Task instructions ::
Give the lines again exactly as they appear below, from the line with "Dirt Bike Rider" to the line with "Detergente en Polvo", both included, and only those lines. Leave every picture out.

-- Source records follows --

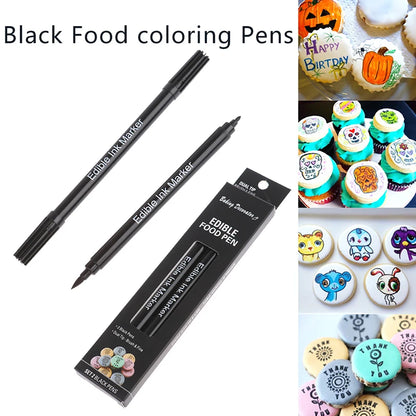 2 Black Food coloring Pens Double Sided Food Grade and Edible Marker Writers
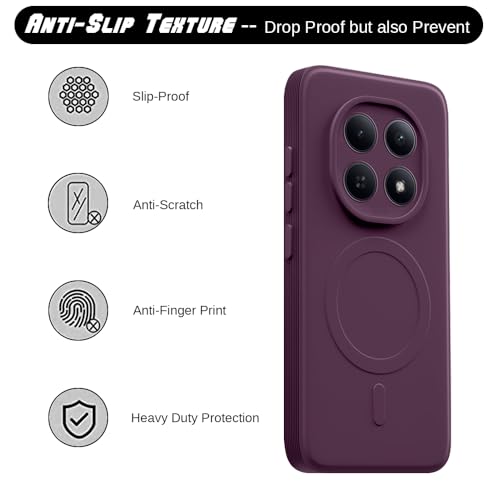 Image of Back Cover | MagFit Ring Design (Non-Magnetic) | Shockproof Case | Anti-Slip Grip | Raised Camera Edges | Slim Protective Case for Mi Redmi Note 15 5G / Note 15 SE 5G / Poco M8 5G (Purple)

-- Source records concluded --
-- Source records follows --

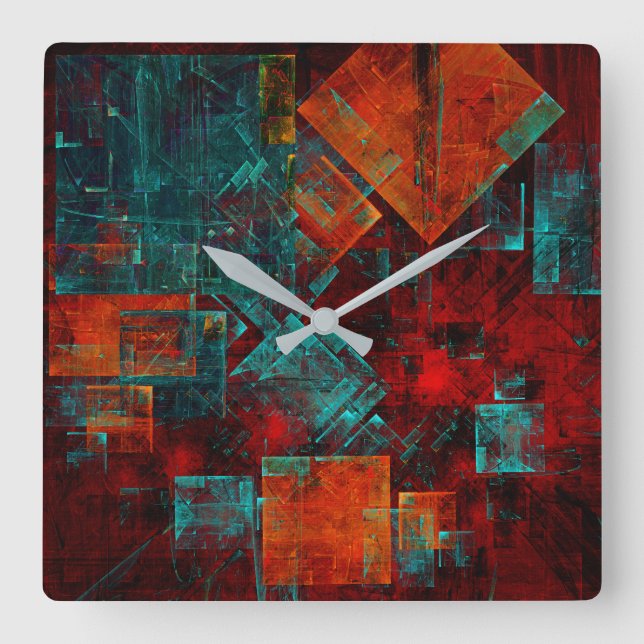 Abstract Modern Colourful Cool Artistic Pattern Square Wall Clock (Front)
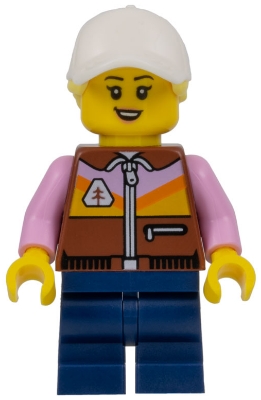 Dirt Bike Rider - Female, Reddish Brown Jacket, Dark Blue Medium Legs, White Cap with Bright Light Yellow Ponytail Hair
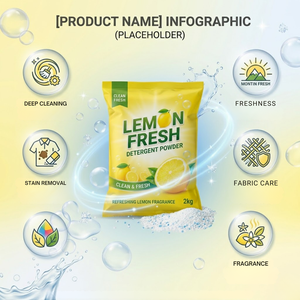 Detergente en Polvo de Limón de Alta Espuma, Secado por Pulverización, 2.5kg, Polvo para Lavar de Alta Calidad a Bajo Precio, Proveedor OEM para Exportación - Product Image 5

-- Source records concluded --

Exercise output ::
 Dirt Bike Rider - Female, Reddish Brown Jacket, Dark Blue Medium Legs, White Cap with Bright Light Yellow Ponytail Hair
 Detergente en Polvo de Limón de Alta Espuma, Secado por Pulverización, 2.5kg, Polvo para Lavar de Alta Calidad a Bajo Precio, Proveedor OEM para Exportación - Product Image 5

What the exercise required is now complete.